Informations and abstract
Keywords: Innovation; Funding; Business Networks.
The idea that the economic growth of an area strongly depends on the development of innovative, high-technology businesses is more and more dominant in literature. Nevertheless, these businesses, given their special nature, i.e. their high level of innovation, face, since the early years, some difficulties, especially related to funding research. In other words, the element of «uncertainty» characterizing the investments made by high-tech businesses, both in terms of profitability and payback, makes the raising of capital to finance the development of business ideas particularly difficult. Historically, venture capital, made available by institutional investors, has been one of the most suitable financial instruments for start-ups with innovative projects.

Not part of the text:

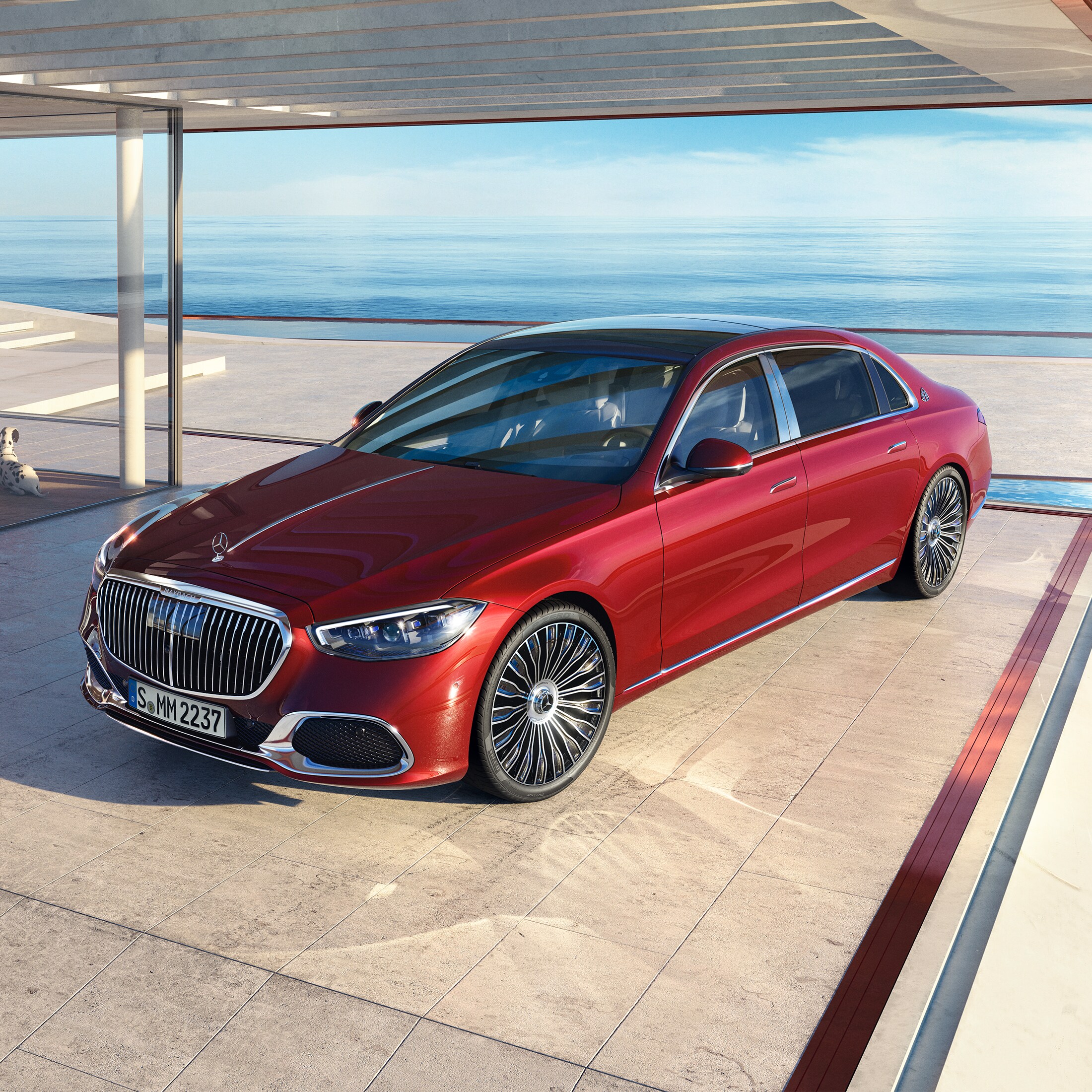 Hood with the central chrome trim strip in the Mercedes-Maybach S-Class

The only use of venture capital, however, is insufficient to create the conditions to support the birth and development of new high-tech activities, mainly due to a strong risk aversion by investors, information asymmetries about the project between entrepreneurs and financiers, without guarantees and rather high business monitoring costs, as well. For this reason, it is thought that institutional investors in venture capital can play a stronger role when placed within a network that involves different actors, such as universities, research centres, local authorities, finance experts, with the com mon aim of supporting, each with their own skills, small businesses with high innovative potential. It is what we are going to demonstrate by means of a model, known in literature as «old-boy network».